Which option can not keep secrets out of Terraform configuration files?
Which option can not keep secrets out of Terraform configuration files?
Marking the variable as sensitive does not keep secrets out of Terraform configuration files. It only ensures that the sensitive data is not displayed in the output or logs when running Terraform commands. The other options (a shared credential file, environment variables, and using the -var flag) are methods that can be used to keep secrets out of the configuration files.
Question is about whether the sensitive values will be in terraform config files NOT about the state file. so B
B is the right answer
Marking a variable as sensitive doesn't encourage it to be kept out of the terraform files.
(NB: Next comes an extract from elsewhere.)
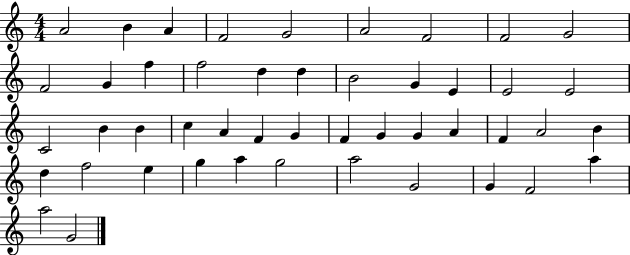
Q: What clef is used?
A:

It will only be omitted in stout or logs when the terraform command is run
A. A shared credential file. A shared credential file typically contains sensitive information and would be part of the configuration files or accessible in some manner, making it less secure for keeping secrets. The other options (marking variables as sensitive, using environment variables, and the -var flag) can help manage sensitive values without exposing them in configuration files.
Chatgpt Terraform configuration files contain the infrastructure code that can include sensitive data, such as API keys and credentials. There are multiple ways to keep these secrets safe: A. Shared credential file: This option is not a secure way to keep secrets, as the credential files are often stored in plaintext, which exposes sensitive information. B. Mark the variable as sensitive: This is a secure method to ensure that Terraform handles sensitive data properly. When variables are marked as "sensitive," their values will not be displayed in the output. C. Environment Variables: Environment variables are commonly used to store secrets securely. They prevent the secrets from appearing in the code or Terraform configuration files. D. -var flag: This allows variables to be passed directly via the command line. However, this is not a secure method because the values can be seen in command history or process logs. Answer: A. Shared credential file does not prevent secrets from appearing in Terraform configuration files.
Marking a variable as sensitive in Terraform prevents its value from being displayed in the CLI output, but it does not keep the secret out of Terraform configuration files or the state file. Sensitive variables are still stored in plaintext within the Terraform state file, making them accessible unless additional measures are taken to secure the state file.